Writing came easily for Thalia Chaltas as a child, but it wasn’t until she was in her 30s that she seriously considered being an author. “Reading was my escape as a kid, but I never thought of it as a career path,” says Chaltas, whose novel-in-verse, Because I Am Furniture (Viking) is narrated by teenager Anke, whose father is abusing her siblings.
Despite her affinity for writing, Chaltas focused on science in college. That, however, didn’t come as easily. “To keep my grade point average up, I would take any class that required writing,” she recalls. “I would take something like art history or architectural history so I could write a paper, because I was really a C and B student in the sciences. Somehow I chose a path that wasn’t natural for me.”
Chaltas, a New Hampshire native, received a degree in physical education and went on to try a number of career possibilities (and time zones, having spent time in New York, Missouri and Arizona) before settling in Santa Barbara, Calif., where she lives with her five-year-old daughter, Kaeva, and runs a medical transcription business.
But “writing kept creeping back in,” Chaltas says. “I had always written poetry, but had done that on the side.” A fan of science fiction and murder mysteries, she initially considered writing an adult novel. She then realized that many of the novels she had loved and collected over the years--Anne McCaffrey’s Dragonsong, The Witch of Blackbird Pond by Elizabeth George Speare, Louise Fitzhugh’s Harriet the Spy--were children’s novels.
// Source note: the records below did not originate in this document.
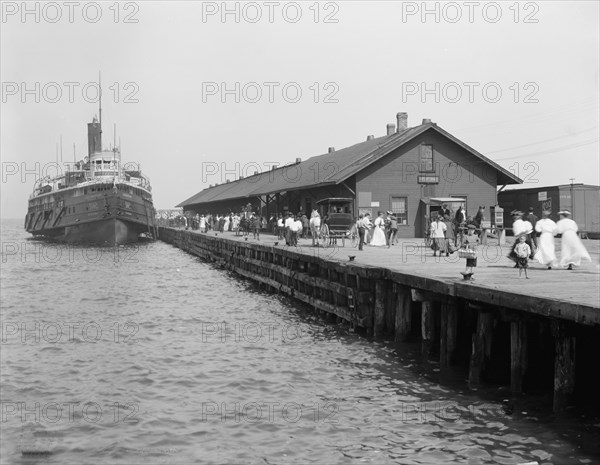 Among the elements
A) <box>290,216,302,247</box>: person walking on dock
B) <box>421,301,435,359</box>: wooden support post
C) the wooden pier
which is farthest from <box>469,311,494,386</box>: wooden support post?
<box>290,216,302,247</box>: person walking on dock

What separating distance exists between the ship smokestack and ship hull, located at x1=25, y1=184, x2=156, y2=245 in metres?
13.9

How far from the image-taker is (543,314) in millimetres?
9305

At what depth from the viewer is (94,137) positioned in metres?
76.8

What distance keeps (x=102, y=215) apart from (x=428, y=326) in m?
46.2

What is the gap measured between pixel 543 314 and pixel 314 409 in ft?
12.2

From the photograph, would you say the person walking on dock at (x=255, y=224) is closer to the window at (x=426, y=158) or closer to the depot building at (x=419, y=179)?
the depot building at (x=419, y=179)

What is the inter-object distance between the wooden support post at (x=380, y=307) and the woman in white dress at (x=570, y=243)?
14.0 feet

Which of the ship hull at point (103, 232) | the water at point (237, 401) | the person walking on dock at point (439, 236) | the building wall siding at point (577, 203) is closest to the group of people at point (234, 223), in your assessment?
the ship hull at point (103, 232)

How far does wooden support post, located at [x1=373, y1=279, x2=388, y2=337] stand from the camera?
15.7 m

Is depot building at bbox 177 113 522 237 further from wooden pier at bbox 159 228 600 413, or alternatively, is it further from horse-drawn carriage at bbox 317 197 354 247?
wooden pier at bbox 159 228 600 413

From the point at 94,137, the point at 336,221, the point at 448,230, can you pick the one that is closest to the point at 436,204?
the point at 336,221

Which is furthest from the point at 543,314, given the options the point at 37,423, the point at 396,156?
the point at 396,156

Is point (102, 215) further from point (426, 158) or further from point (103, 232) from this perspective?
point (426, 158)

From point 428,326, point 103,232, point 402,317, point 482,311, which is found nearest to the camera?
point 482,311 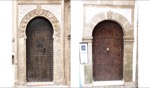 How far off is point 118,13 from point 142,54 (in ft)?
22.3

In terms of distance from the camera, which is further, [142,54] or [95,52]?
[95,52]

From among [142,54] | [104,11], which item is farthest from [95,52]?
[142,54]

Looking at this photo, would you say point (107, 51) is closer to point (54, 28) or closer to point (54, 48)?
point (54, 48)

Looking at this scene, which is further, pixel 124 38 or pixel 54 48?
pixel 54 48

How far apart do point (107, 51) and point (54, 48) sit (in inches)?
78.5

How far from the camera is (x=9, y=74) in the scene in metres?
1.39

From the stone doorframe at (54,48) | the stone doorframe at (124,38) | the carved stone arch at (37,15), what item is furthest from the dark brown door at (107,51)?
the carved stone arch at (37,15)

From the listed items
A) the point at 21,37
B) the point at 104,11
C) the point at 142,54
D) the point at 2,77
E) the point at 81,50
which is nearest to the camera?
the point at 2,77

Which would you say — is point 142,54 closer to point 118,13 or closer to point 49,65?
point 118,13

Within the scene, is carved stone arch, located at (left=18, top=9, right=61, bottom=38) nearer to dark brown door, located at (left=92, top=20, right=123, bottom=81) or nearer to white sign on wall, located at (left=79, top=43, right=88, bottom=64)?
dark brown door, located at (left=92, top=20, right=123, bottom=81)

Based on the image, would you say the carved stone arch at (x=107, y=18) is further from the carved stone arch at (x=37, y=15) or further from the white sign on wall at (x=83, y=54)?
the white sign on wall at (x=83, y=54)

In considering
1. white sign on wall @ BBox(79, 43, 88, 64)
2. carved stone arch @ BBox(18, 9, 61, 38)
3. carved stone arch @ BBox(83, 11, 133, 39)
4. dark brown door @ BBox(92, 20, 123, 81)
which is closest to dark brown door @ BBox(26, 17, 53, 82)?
carved stone arch @ BBox(18, 9, 61, 38)

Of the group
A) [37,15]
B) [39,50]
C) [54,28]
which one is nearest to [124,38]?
[54,28]

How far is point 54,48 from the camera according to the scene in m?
9.02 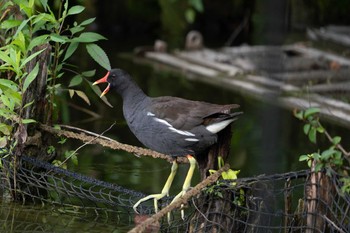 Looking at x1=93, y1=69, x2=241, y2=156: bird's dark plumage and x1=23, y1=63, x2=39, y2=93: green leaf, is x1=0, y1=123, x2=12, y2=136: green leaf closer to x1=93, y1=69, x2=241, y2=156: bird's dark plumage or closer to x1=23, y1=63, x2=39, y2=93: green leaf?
x1=23, y1=63, x2=39, y2=93: green leaf

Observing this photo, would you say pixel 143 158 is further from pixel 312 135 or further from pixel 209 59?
pixel 209 59

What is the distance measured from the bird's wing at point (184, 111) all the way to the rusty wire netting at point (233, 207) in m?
0.40

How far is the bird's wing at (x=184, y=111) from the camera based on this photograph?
455 centimetres

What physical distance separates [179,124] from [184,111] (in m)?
0.08

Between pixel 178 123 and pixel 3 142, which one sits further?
pixel 3 142

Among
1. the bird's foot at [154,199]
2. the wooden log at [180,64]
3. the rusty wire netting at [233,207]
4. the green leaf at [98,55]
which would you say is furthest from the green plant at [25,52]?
the wooden log at [180,64]

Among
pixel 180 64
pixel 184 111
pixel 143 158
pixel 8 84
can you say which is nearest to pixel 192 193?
pixel 184 111

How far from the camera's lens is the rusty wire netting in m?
4.14

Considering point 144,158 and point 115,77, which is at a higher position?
point 115,77

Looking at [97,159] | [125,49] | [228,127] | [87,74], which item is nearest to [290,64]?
[125,49]

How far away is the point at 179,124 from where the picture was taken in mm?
4629

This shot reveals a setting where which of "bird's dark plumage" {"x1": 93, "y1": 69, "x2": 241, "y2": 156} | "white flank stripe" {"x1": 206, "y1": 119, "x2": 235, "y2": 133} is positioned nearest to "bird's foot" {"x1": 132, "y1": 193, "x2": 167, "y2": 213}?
"bird's dark plumage" {"x1": 93, "y1": 69, "x2": 241, "y2": 156}

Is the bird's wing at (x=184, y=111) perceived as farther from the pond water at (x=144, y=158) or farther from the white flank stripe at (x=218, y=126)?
the pond water at (x=144, y=158)

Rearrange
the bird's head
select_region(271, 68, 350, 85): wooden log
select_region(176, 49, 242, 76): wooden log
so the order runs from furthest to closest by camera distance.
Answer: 1. select_region(176, 49, 242, 76): wooden log
2. select_region(271, 68, 350, 85): wooden log
3. the bird's head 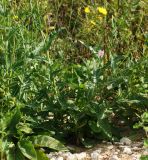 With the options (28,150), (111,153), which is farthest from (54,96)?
(111,153)

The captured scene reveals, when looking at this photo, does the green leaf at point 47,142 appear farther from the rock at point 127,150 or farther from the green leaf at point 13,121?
the rock at point 127,150

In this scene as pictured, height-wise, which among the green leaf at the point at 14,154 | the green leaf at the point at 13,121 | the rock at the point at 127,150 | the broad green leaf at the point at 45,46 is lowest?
the rock at the point at 127,150

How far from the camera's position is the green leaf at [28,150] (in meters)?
3.55

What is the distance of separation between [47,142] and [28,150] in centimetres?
19

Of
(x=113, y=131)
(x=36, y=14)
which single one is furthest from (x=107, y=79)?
(x=36, y=14)

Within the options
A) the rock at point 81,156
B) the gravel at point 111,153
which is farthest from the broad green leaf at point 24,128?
the rock at point 81,156

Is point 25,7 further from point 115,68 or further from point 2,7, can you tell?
point 115,68

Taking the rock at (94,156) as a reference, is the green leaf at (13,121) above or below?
above

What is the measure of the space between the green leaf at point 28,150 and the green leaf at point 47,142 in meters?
0.11

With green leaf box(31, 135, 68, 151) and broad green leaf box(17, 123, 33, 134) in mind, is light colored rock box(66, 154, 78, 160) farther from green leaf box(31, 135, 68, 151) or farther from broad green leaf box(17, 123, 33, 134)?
broad green leaf box(17, 123, 33, 134)

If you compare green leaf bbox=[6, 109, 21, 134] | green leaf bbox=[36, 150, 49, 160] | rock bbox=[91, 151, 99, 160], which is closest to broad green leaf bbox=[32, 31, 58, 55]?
green leaf bbox=[6, 109, 21, 134]

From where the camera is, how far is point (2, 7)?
3795 millimetres

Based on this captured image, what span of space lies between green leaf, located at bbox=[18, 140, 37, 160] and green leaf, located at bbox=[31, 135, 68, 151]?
0.11m

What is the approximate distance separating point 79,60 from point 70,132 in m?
1.22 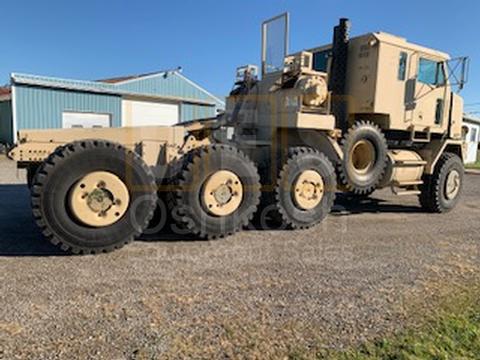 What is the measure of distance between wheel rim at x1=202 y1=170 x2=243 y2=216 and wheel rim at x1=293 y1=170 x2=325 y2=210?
3.74 feet

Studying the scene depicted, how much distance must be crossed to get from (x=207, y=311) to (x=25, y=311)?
1610 mm

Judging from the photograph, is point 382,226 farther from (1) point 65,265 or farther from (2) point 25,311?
(2) point 25,311

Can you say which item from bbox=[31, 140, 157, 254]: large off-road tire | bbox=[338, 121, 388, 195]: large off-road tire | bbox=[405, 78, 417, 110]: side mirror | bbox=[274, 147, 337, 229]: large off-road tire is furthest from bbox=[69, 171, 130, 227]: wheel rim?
bbox=[405, 78, 417, 110]: side mirror

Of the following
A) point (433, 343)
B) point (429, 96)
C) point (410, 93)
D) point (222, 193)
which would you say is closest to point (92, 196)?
point (222, 193)

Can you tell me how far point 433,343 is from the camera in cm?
292

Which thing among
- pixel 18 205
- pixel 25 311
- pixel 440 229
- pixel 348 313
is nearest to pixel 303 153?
pixel 440 229

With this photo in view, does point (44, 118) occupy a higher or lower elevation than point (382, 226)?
higher

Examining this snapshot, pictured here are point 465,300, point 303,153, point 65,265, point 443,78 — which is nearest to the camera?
point 465,300

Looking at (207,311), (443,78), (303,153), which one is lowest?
(207,311)

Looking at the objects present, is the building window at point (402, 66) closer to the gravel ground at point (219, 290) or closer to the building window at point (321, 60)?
the building window at point (321, 60)

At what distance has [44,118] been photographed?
1906cm

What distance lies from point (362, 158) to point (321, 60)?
8.12ft

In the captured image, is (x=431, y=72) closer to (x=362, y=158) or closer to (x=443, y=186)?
(x=443, y=186)

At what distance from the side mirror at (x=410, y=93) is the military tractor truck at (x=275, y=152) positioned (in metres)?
0.04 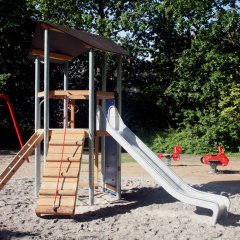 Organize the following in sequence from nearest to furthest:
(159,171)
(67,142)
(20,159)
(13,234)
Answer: (13,234) < (159,171) < (67,142) < (20,159)

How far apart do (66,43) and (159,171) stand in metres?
2.99

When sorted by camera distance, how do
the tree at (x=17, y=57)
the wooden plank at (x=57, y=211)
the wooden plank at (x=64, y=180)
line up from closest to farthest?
the wooden plank at (x=57, y=211), the wooden plank at (x=64, y=180), the tree at (x=17, y=57)

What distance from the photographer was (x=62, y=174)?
7234 millimetres

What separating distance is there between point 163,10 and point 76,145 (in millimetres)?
15090

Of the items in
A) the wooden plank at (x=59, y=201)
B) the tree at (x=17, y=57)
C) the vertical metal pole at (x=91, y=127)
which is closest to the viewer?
the wooden plank at (x=59, y=201)

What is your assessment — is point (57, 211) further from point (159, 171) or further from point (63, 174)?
point (159, 171)

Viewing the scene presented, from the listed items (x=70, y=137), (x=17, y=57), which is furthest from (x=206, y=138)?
(x=70, y=137)

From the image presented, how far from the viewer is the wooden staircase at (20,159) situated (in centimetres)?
792

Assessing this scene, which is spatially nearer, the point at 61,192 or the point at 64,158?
the point at 61,192

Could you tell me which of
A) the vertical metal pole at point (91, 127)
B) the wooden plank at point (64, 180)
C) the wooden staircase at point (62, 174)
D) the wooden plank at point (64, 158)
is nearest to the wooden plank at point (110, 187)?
the vertical metal pole at point (91, 127)

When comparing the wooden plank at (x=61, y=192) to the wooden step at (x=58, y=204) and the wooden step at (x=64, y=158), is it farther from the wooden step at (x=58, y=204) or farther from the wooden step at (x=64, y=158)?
the wooden step at (x=64, y=158)

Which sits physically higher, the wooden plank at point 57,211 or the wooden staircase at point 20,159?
the wooden staircase at point 20,159

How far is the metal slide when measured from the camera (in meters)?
6.80

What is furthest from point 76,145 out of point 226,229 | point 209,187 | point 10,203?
point 209,187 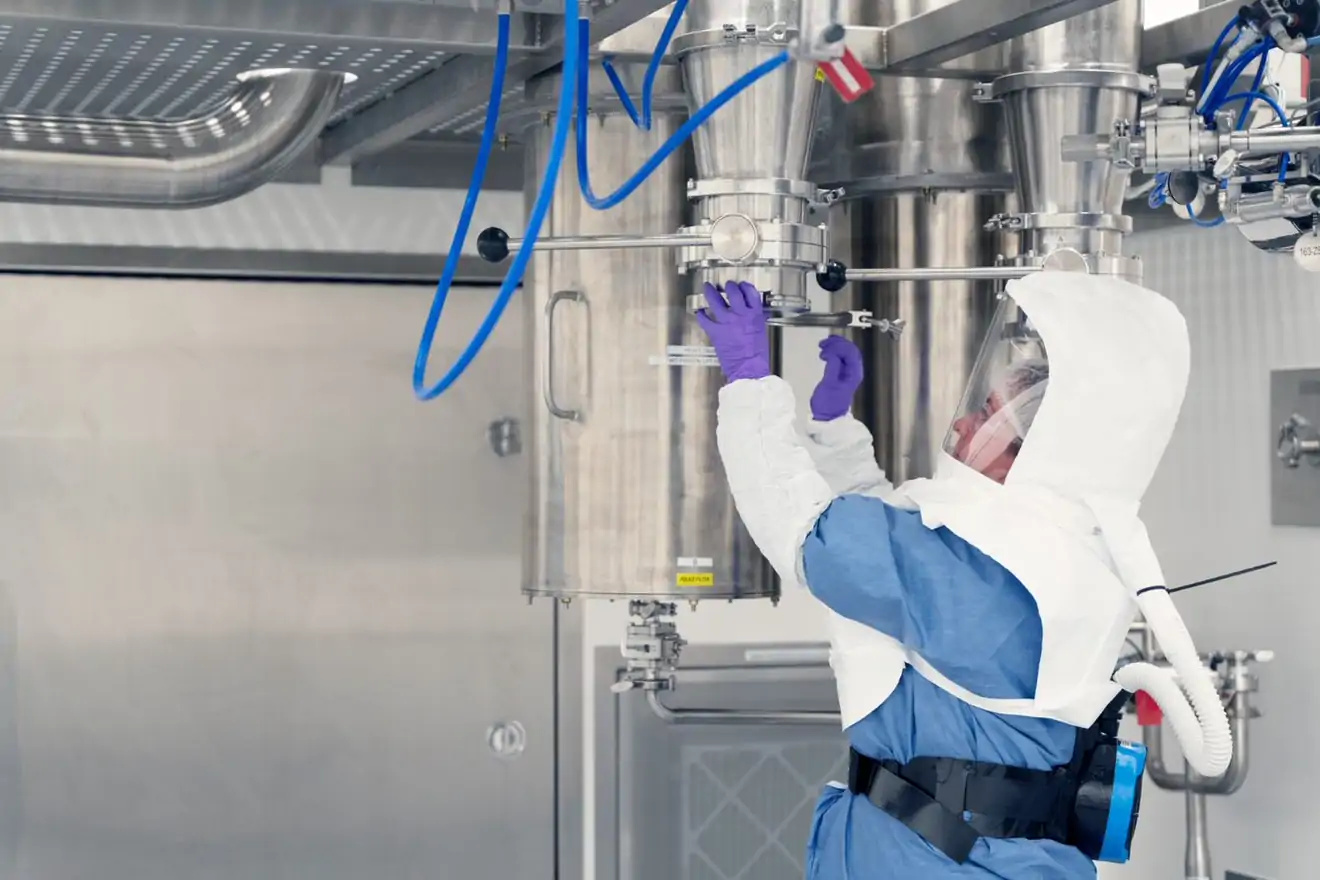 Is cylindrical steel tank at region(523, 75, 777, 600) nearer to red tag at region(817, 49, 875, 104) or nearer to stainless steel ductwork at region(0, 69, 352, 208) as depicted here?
stainless steel ductwork at region(0, 69, 352, 208)

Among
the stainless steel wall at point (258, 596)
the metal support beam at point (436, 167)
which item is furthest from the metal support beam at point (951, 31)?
the stainless steel wall at point (258, 596)

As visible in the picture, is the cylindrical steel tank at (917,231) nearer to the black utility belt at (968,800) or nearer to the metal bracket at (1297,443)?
the black utility belt at (968,800)

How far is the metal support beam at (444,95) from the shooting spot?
159cm

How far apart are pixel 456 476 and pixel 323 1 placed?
1.11 meters

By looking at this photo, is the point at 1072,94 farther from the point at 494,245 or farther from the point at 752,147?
the point at 494,245

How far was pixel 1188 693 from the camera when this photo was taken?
5.44 ft

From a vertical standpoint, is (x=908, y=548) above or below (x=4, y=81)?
below

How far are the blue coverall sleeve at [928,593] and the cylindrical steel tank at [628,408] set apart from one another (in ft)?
0.52

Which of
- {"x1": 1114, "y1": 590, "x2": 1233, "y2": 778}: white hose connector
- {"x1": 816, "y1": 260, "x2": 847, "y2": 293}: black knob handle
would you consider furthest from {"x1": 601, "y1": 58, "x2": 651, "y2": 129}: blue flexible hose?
{"x1": 1114, "y1": 590, "x2": 1233, "y2": 778}: white hose connector

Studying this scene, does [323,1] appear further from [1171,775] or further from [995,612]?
[1171,775]

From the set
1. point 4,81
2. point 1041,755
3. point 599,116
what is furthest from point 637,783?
point 4,81

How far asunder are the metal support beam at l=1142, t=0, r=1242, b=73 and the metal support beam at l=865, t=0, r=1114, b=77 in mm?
123

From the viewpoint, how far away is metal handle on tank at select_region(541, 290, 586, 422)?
1.80 meters

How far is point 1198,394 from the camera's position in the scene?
2631mm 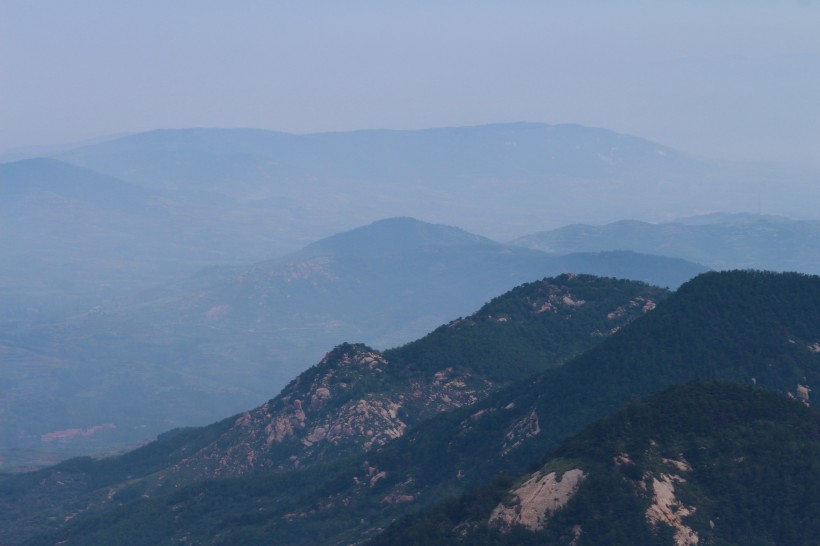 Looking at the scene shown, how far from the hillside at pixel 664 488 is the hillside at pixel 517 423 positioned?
17.4 metres

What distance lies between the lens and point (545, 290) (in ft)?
522

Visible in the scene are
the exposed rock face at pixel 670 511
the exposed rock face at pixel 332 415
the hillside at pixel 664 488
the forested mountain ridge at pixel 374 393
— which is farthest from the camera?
the forested mountain ridge at pixel 374 393

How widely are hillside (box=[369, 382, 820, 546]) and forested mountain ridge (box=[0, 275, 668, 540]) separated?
51925 millimetres

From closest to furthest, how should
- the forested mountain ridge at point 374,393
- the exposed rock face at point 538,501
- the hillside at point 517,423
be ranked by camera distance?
the exposed rock face at point 538,501
the hillside at point 517,423
the forested mountain ridge at point 374,393

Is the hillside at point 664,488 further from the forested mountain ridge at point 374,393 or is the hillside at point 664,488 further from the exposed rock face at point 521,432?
the forested mountain ridge at point 374,393

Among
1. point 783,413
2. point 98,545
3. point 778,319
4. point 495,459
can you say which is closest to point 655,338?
point 778,319

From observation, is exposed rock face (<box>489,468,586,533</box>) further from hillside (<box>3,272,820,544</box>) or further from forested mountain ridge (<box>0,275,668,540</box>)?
forested mountain ridge (<box>0,275,668,540</box>)

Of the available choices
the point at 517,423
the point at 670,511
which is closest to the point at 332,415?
the point at 517,423

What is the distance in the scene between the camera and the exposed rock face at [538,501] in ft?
231

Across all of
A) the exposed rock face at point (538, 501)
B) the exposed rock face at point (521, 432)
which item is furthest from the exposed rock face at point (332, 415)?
the exposed rock face at point (538, 501)

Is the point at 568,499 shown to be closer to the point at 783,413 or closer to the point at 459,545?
the point at 459,545

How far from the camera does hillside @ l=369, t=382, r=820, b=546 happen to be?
68688 millimetres

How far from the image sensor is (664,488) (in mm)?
71062

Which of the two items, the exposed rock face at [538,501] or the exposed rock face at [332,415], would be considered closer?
the exposed rock face at [538,501] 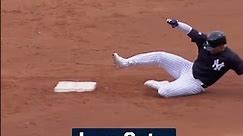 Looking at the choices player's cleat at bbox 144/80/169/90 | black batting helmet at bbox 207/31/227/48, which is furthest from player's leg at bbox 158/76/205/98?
black batting helmet at bbox 207/31/227/48

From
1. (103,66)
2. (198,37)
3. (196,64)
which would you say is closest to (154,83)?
(196,64)

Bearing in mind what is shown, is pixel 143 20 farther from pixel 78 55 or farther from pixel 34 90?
pixel 34 90

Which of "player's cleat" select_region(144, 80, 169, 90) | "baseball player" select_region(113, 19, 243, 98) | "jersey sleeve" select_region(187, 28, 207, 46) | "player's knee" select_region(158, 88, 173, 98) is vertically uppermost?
"jersey sleeve" select_region(187, 28, 207, 46)

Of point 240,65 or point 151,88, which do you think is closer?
point 240,65

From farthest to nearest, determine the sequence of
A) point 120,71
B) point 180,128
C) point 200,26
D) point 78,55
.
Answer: point 200,26
point 78,55
point 120,71
point 180,128

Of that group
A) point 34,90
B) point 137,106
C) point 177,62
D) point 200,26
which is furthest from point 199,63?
point 200,26

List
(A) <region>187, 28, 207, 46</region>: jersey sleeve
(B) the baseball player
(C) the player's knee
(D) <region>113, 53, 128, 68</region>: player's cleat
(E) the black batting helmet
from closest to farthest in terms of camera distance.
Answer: (E) the black batting helmet → (B) the baseball player → (C) the player's knee → (A) <region>187, 28, 207, 46</region>: jersey sleeve → (D) <region>113, 53, 128, 68</region>: player's cleat

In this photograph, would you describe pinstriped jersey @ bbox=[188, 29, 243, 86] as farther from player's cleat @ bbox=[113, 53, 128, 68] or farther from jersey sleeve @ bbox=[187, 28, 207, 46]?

Chaltas joined a writing group and began trying to write picture books as a starting point. “I found it unbearably hard,” she says with a laugh. Then one day, she sat down to write some poetry. “Two hours later I had the first 10 poems of what is now Because I Am Furniture.” When she read the poems at a critique, a member suggested that the poems could become a novel, something she hadn’t considered.
In fact, she hadn’t even thought of them as fiction--the poems about abuse were drawn from her own past. “Having an abusive father is so far in the past at this point,” she says. “I’ve had enough therapy to kill a horse and I’m very solid in my self at this point.” Although she chose to fictionalize the poems, writing Because I Am Furniture still had difficult moments. “I was surprised by how much it affected me considering how far I’ve come.”
A friend, children's author Lee Wardlaw, passed a draft of the book to her agent, Ginger Knowlton at Curtis Brown, who began representing Chaltas a few months later. Knowlton found a home for it with Viking’s Catherine Frank, who bought it in 2007.
Now that the book is out (and into its second printing), Chaltas, who is working on a second novel with Frank, is surprised and humbled by the reality of being published. “It opened a whole different set of experiences I was not anticipating,” she says. “I’m getting e-mails daily from teen readers and adult readers. The outpouring of people I knew from my past was magnificent. It shows me how far-reaching a book can be.” --J.A.S.
From the editor: Catherine Frank: "My interest in Because I Am Furniture started with the writing. While the subject matter is incredibly sensitive, Thalia's poetry was so immediate that it grabbed you from page one. You are inside the story and you have to keep reading, yet Thalia doesn't sensationalize the subject of abuse. A lot of our work together was making sure that the story developed fully, so that events built to a credible climax. We didn't want the ending to tie things up with a bow, but we also wanted to be sure readers felt the family would survive."